Ted has been a digital forensics investigator at HM Revenue & Customs, Fraud Investigation Service, Digital Forensics Group since July 2002. In 2018, he was appointed as Research & Development Lead for the unit, looking into problems not addressed by mainstream forensic tools, and, where possible, creating bespoke applications to address these which are sometimes made available beyond the department, either publicly, or to law enforcement.
He has been interested in computers since he was a teenager when he used to fiddle about with an old IBM 8086 and MSDOS 5. He joined the Civil Service in 1998 having graduated from university with a BS(c) (Hons) degree.

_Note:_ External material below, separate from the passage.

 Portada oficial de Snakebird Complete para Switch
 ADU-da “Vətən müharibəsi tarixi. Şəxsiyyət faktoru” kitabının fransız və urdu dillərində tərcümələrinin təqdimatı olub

In 2010 he completed an MS(c) in Forensic Computing at Cranfield University, Shrivenham, UK. His final year thesis was a study of eCryptfs – the enterprise level cryptographic filesystem for Linux – and its implementation into Ubuntu GNU/Linux 8.10 and 9.04.
He joined the F3 Committee in 2005 and designed and built the various F3 web sites since then.
He is an enthusiastic supporter of open-source operating systems and software applications. He develops and supports several such software projects, as well as developing some ‘law enforcement only’ programs. Since 2011 he has developed and maintained a cross-platform and open-source data hashing tool used by private, public, and military sections worldwide. He also makes some other more specific utilities, including X-Tensions for X-Ways Forensics. For a bit of fun, he also created an open-source disk imaging tool called YAFFI (https://github.com/tedsmith/yaffi).
He has spent considerable time researching RAM based artifacts and has some “unusual interests” in that area that are typically reserved for LE eyes only.
He writes an online learning platform that includes short videos and textual narratives that demonstrate the functionality of X-Ways Forensics called ‘X-Ways Clips’ (www.xwaysclips.co.uk). He is also a keen photographer utilising medium format film Hasselblad cameras and Carl Zeiss lenses.